Phantasmal Intersubjectivity: Co-Presence and the Emersivity of Literary Characters

Phantasmal Intersubjectivity: Co-Presence and the Emersivity of Literary Characters

CompLab@Leeds is back for this academic year with a new series of seminars and events.

The series for 2017-2018 will be entitled ‘The forms of world/Worlds of form’ and we are glad to open it with the first seminar on 23 November 2017 in which we will cross the border between reality and the storyworld.

Our first speaker of the year will be Marco Bernini (Durham University) who will present the fascinating paper Phantasmal Intersubjectivity: Co-Presence and the Emersivity of Literary Characters. Starting from a study conducted with 400 readers of the 2014 Edinburgh Book Festival, Marco will discuss the phenomenon of ‘experiential crossing’ because of which characters seem to cross the boundary of the storyworlds and accompany or “stay with” the reader in real-world situations. Marco Bernini will analyse how this crossing is activated by a wide range of triggers, its phenomenology and the different degrees of felt presence in the reader’s minds, or even in their physical environment. While to date, cognitive literary studies have focused exclusively on the other direction of transit - namely, on how our real past experiences can sustain, enhance or modify our experience of a literary narrative -Marco Bernini will focus on how fictional elements from a storyworld can surface or transmigrate (or its storyworld immersivity). Building on, and adapting, models of narrative immersion, the paper will present a theory and a model for what it will be called the emersivity of literary characters.

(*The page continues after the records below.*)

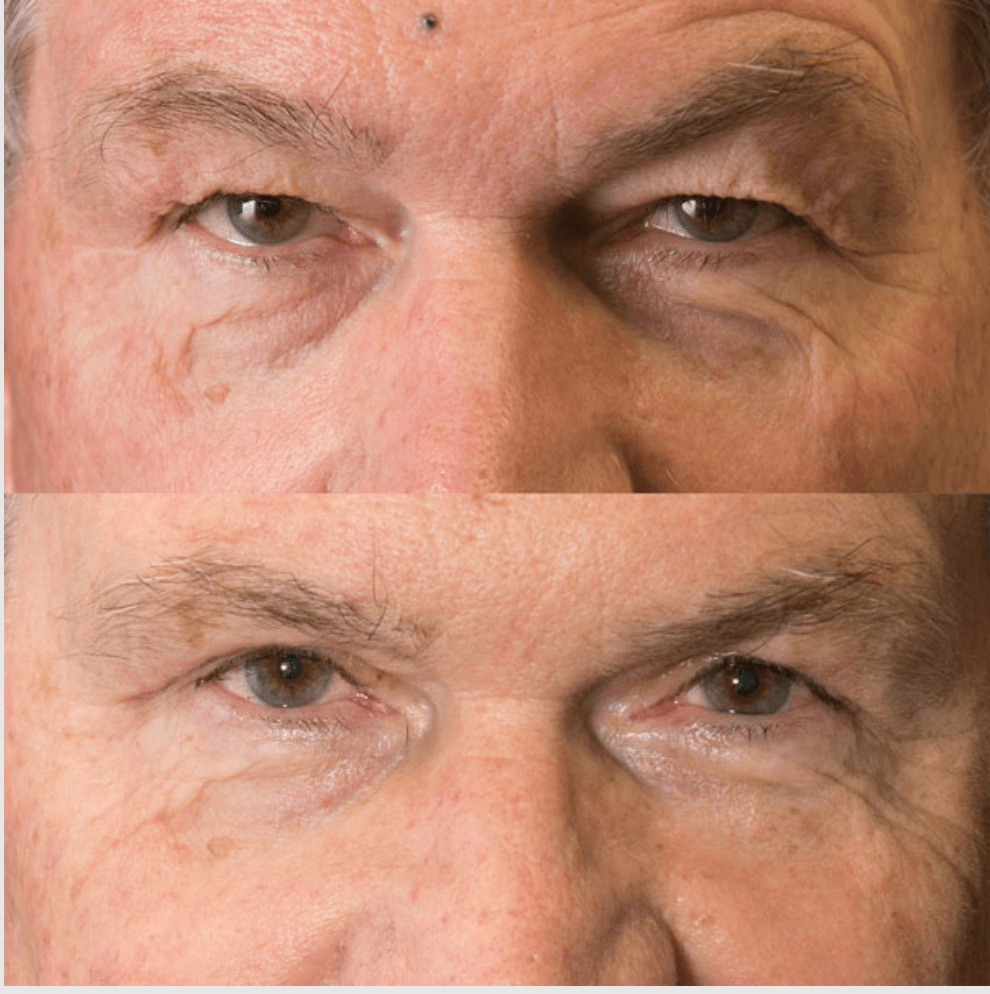 Eyelids before-and-after photograph 43
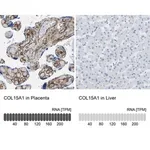 Merck Anti-COL15A1 antibody produced in rabbit
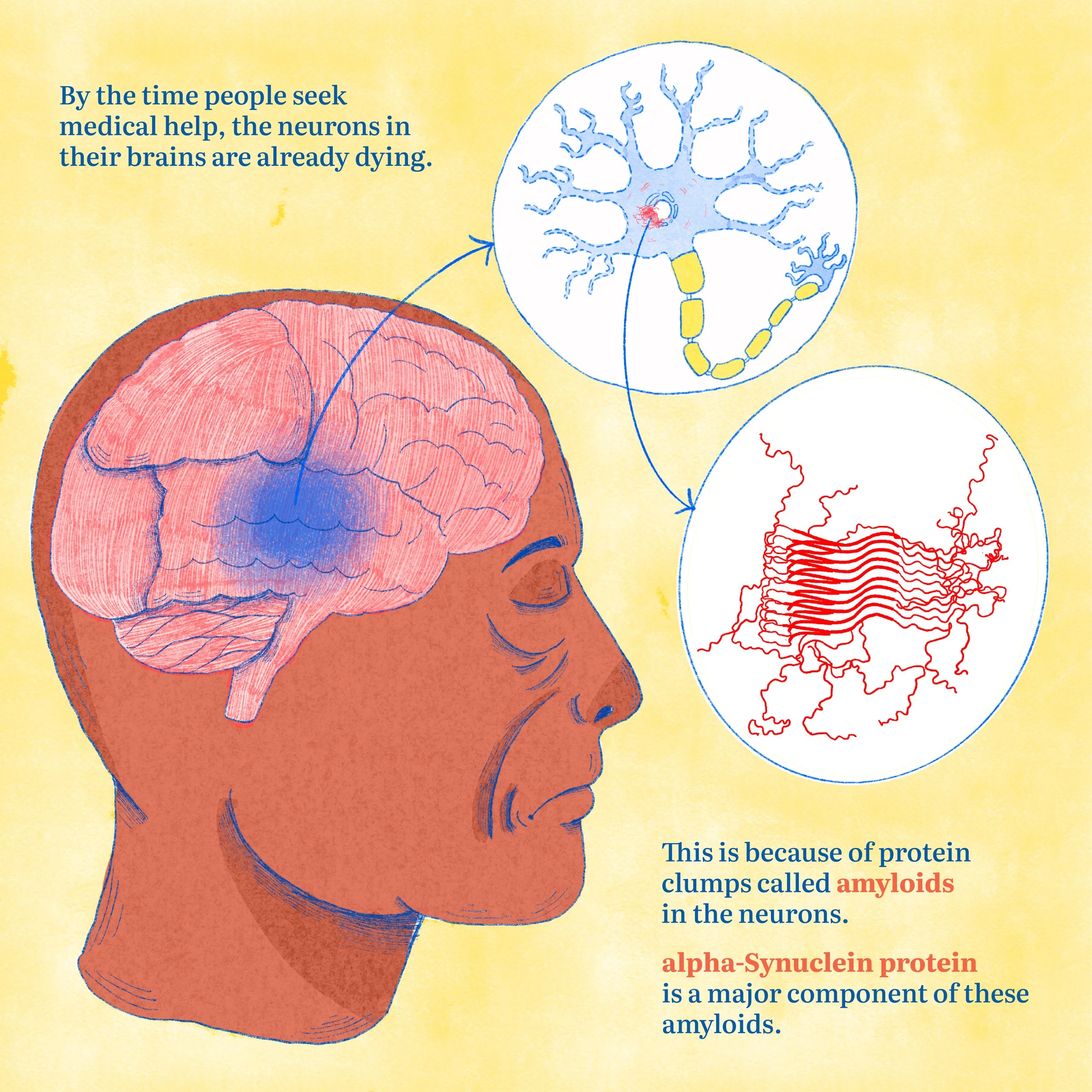 Parkinsons-Print-5.jpg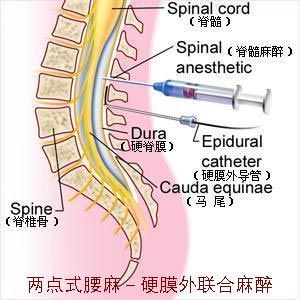 腰麻示意圖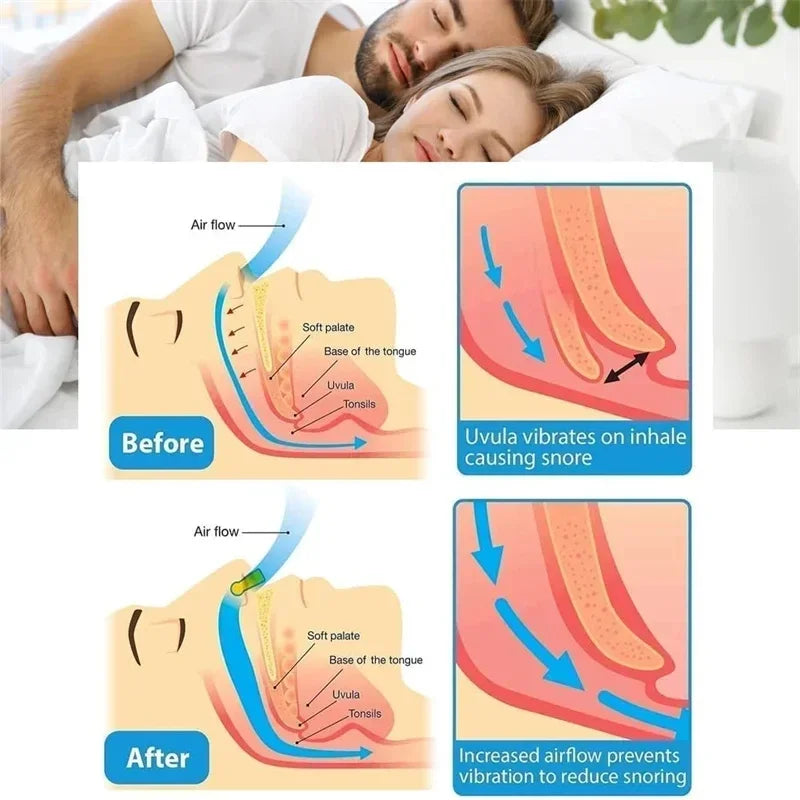 Anti-Snoring Nose Clip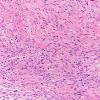 1B2 Meningioma, fibrous, intraventricular  (Case 1) H&E 20X 2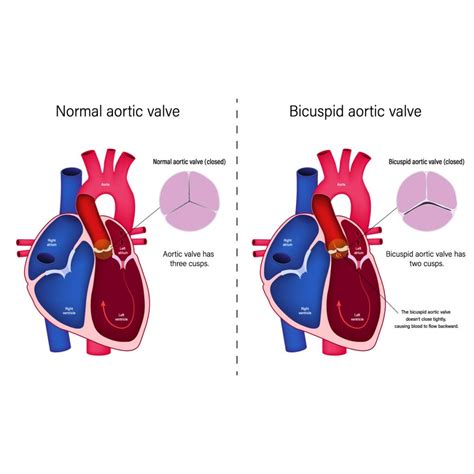 8 Common Symptoms For Aortic Valve Regurgitation | Vejthani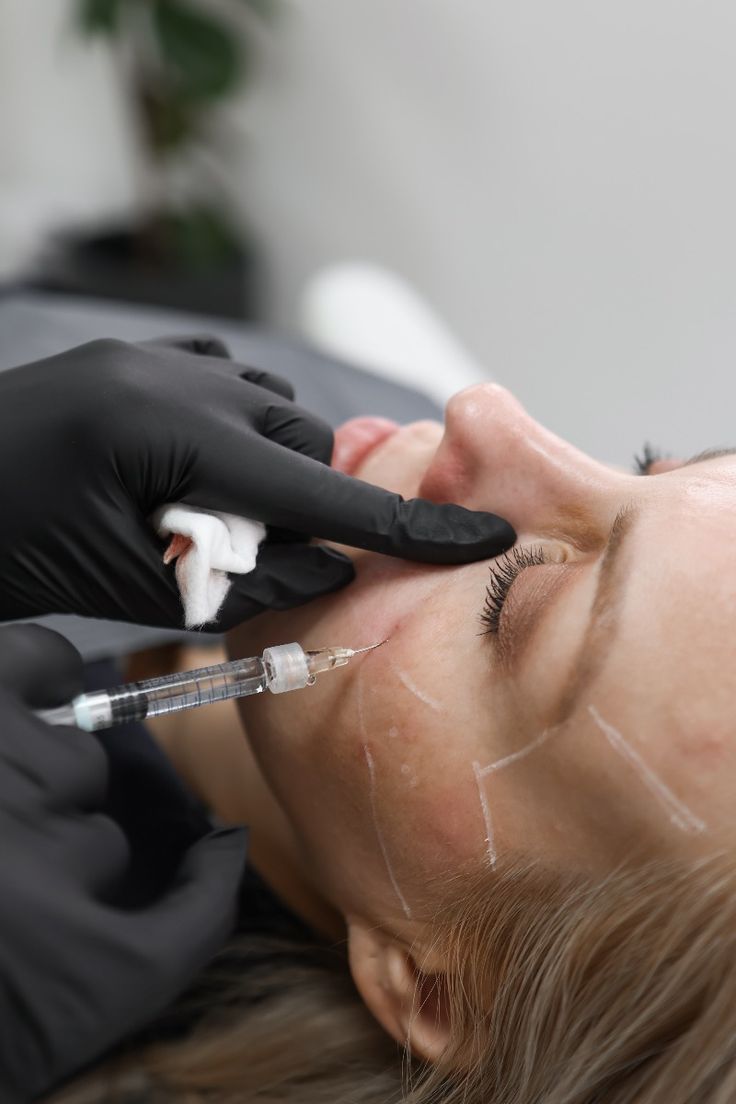 Person receiving facial injections; doctor with black gloves holds syringe, skin marked with lines.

Who: Marco Bernini is Wellcome Trust Postdoctoral Research Associate in the Department of English Studies and a core member of the interdisciplinary project on auditory-verbal hallucinations ‘Hearing the Voice' at Durham University. He is also a member of a project on 'Narrative and Complex Systems' at the University of York (Interdisciplinary Centre for Narrative Studies) and of the 'History of Distributed Cognition' project (University of Edinburgh). His research interests are equally partitioned into narrative theory (in particular cognitive narratology), modernist fiction (notably the narrative work of Samuel Beckett), and cognitive science. He also worked on the relationship between fictional writing, distributed cognition (the Extended Mind theory), and literary intentionality. He is now working on a monograph for Oxford University Press (forthcoming 2019) on Samuel Beckett and cognition titled Beckett and the Cognitive Method: Mind, Models and Exploratory Narratives.